Iowa is in the middle of its annual bald eagle population survey and although the numbers are still coming in, all indications point to 2022 being a really good year for eagles wintering in Iowa.
Bald eagles are migratory, but only travel as far as necessary to find food. Eagles wintering in Iowa likely came from Minnesota, Wisconsin and Michigan, that have large resident populations, and join resident Iowa eagles looking for river sections with open water to dine on fish and waterfowl.
For years, the Mississippi River along eastern and southeastern Iowa was home to the highest number of eagles – both resident and wintering – but in recent years, the Iowa River and the Des Moines River have hosted more eagles.

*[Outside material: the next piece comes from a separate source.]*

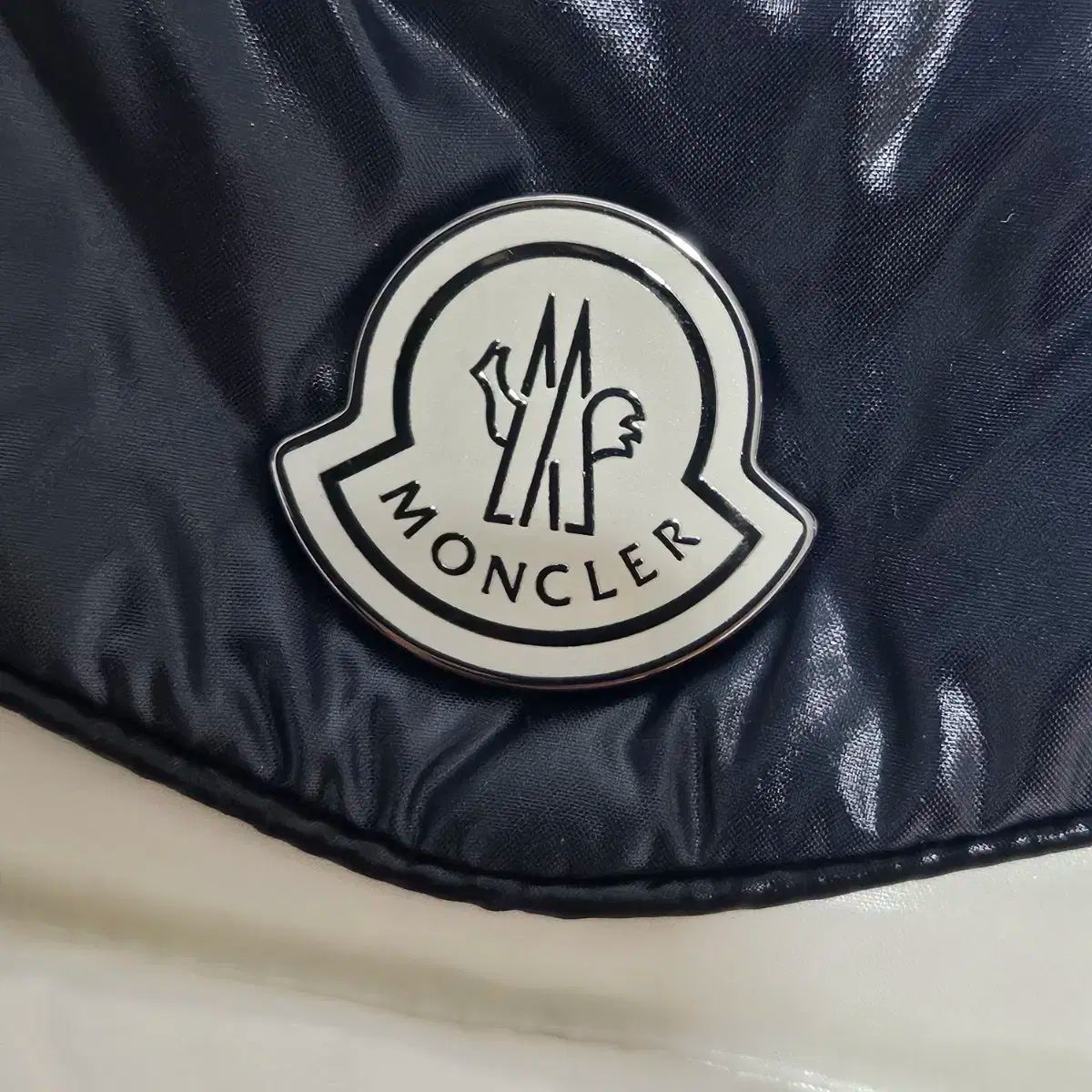 MONCLER(モンクレール) ダウン クラッチ MONCLER 未使用品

“This year, we’ve had routes on the Iowa River in east central Iowa report more than 700 eagles, including 400 in a one-mile stretch,” said Stephanie Shepherd, wildlife biologist with the Iowa Department of Natural Resources Wildlife Diversity Program. “The lower stretch of the Des Moines River had a lot as well with more than 1,500 eagles reported from three routes. It looks like it’s going to be a pretty good count this year and we still have the traditional hot spots from the Mississippi River yet to come in.”
The survey began nationally in the 1980s when states were recruited to join the study. Participants would identify stretches along rivers as places where eagles would gather in the winter making them more easily counted. The survey routes are driven during the first two weeks of January. These initial routes have been part of Iowa’s surveys since the state joined the count in 1991.

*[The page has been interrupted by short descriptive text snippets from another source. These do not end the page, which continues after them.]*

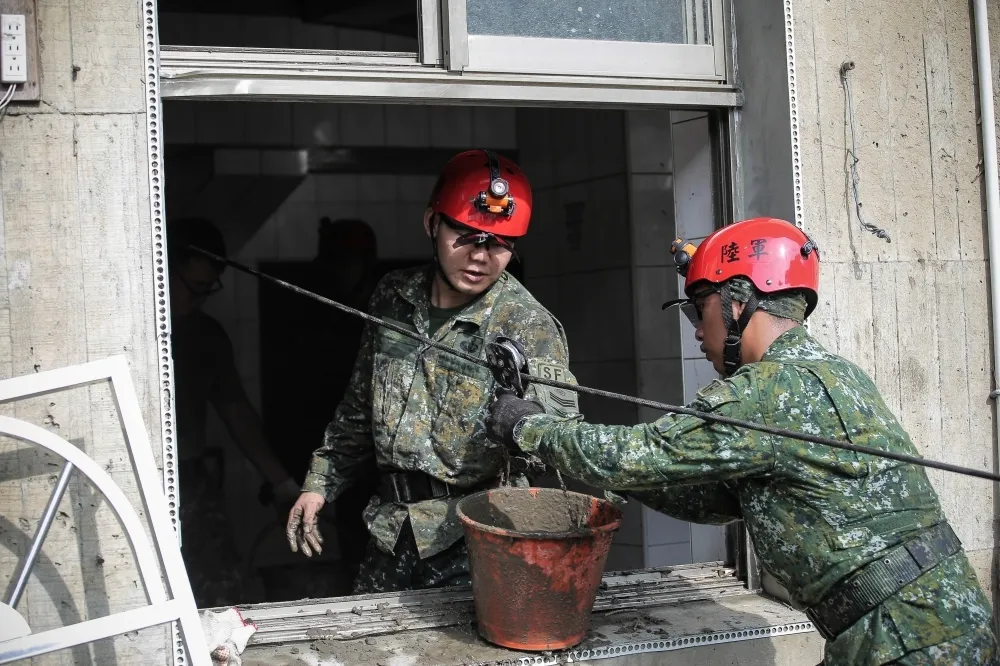 輕颱「丹娜絲」撲台　國防部、新北市府啟動防颱機制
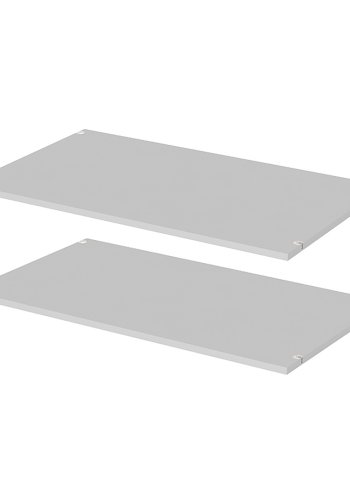 
TVILUM save hylder - hvidt træ (2/sæt)
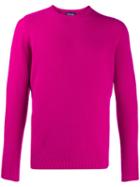 Drumohr Crew Neck Sweater - Pink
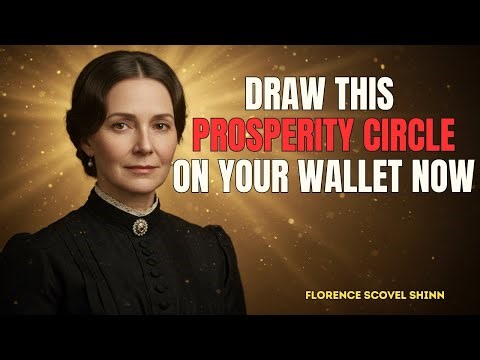 She DREW This "PROSPERITY CIRCLE" & Found a Bag of Cash | Florence Scovel Shinn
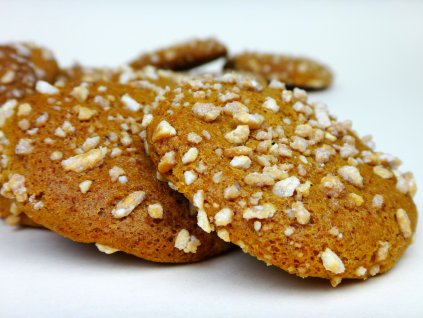 Medová kolečka 100 g Medový perník. Ruční práce. Handicraft.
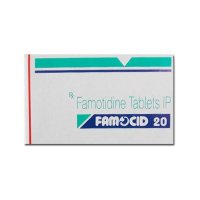 FAMOCID 20mg Tablet 14's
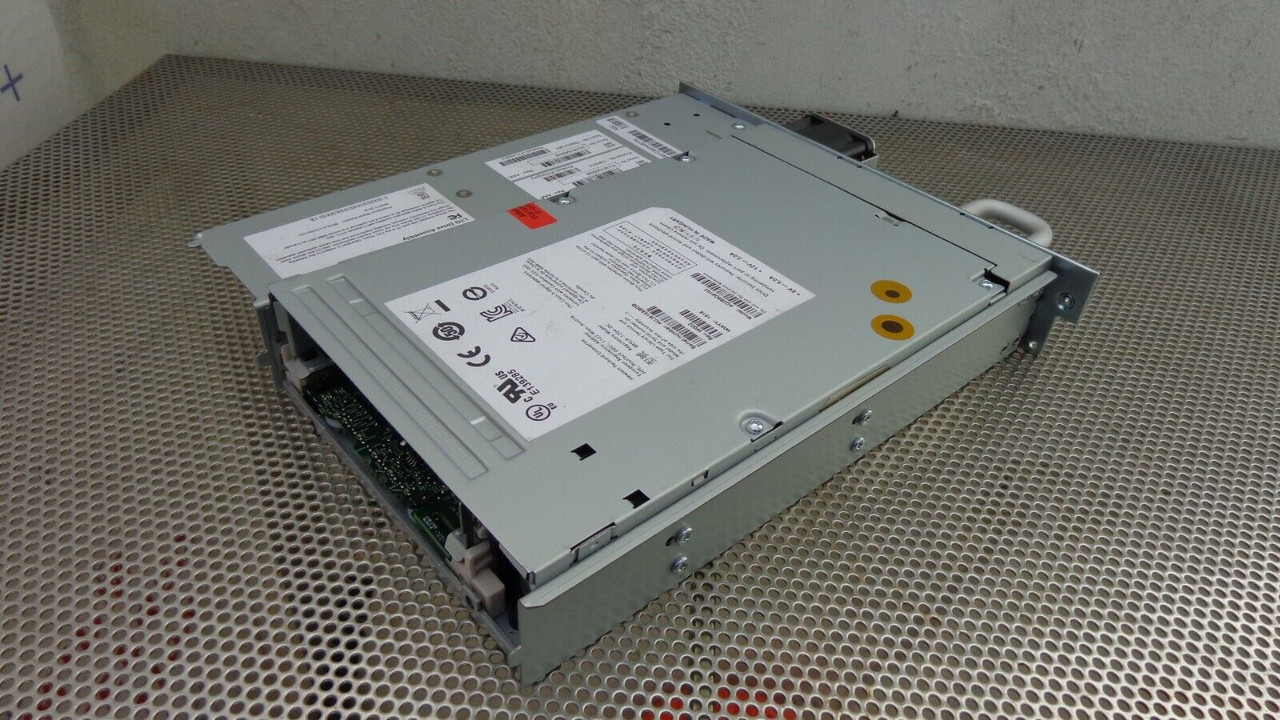 How easy/possible to convert an internal LTO tape drive to an external ...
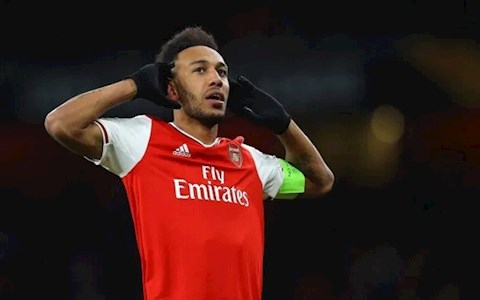 Arsenal chốt giá bán Aubameyang cho Barca  hình ảnh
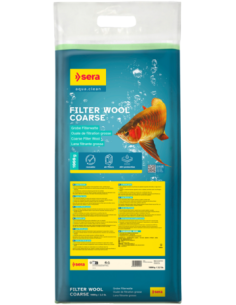 sera ouate de filtration sera grossière 1.000g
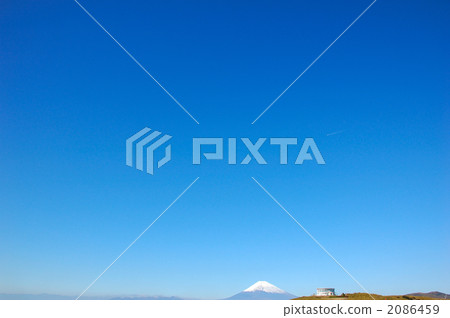 Mt. Fuji from the Tokugawa Pass Mt. Fuji from the Tokugawa Pass 2086459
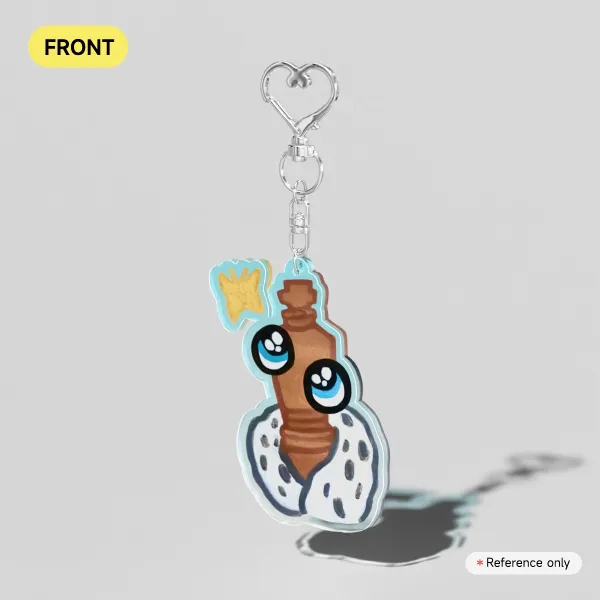 Kinger keychain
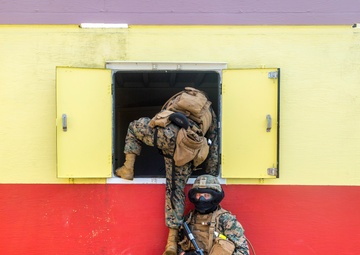 3rd Marine Division MOUT training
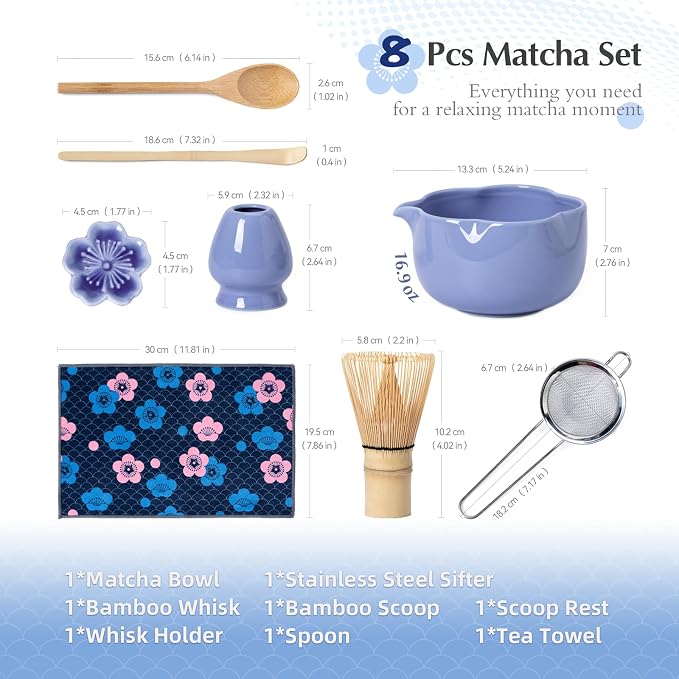 Matcha Set, Sifter and other Matcha Tools - Image 3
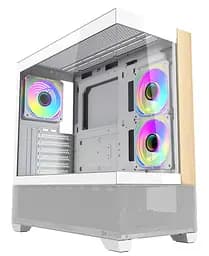 Корпус Darkflash DS900W AIR без БЖ White (DS900W AIR WHITE)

The population census had been managed by the U.S. Geological Survey, but is now housed with the U.S. Army Corps of Engineers. As many as 44 states have participated in the survey providing an important long-term dataset when the U.S. Fish and Wildlife Service considered removing the bald eagle in 2007 from the endangered species list.
That long-term dataset was more than just raw eagle totals; it includes both juvenile and adult eagles and the percentage of juveniles, which is an important metric in determining if the population is steady and not decreasing. The dropping juvenile numbers was one of the alarms that brought attention to the plight of bald eagles during its population crash.
“The survey has mirrored what we understand is going on in the population, like the rapid increase in the 1990s and the leveling off in the 2010s,” she said.
The bald eagle population trend extends beyond Iowa’s border to include other Midwestern states, as well. “We may be reaching population capacity, which is pretty cool,” Shepherd said.
Iowa’s resident eagles rarely leave the state. The state population is measured by nesting success and since the late 1990s, the number of nests in Iowa has increased four to five times, now numbering more than 500 across the state.
The best eagle viewing is along Iowa’s rivers where there is open water and roosting trees nearby. Eagles use these areas for food and one of the most popular areas for eagle viewing has been in Keokuk.
Bald Eagle Days originated in Keokuk who is hosting its 38th annual bald eagle days Jan. 15-16, and while the attendance numbers may not be as high as it was during the peak years in 2013-2014, eagle viewing over the Mississippi River still attracts a crowd.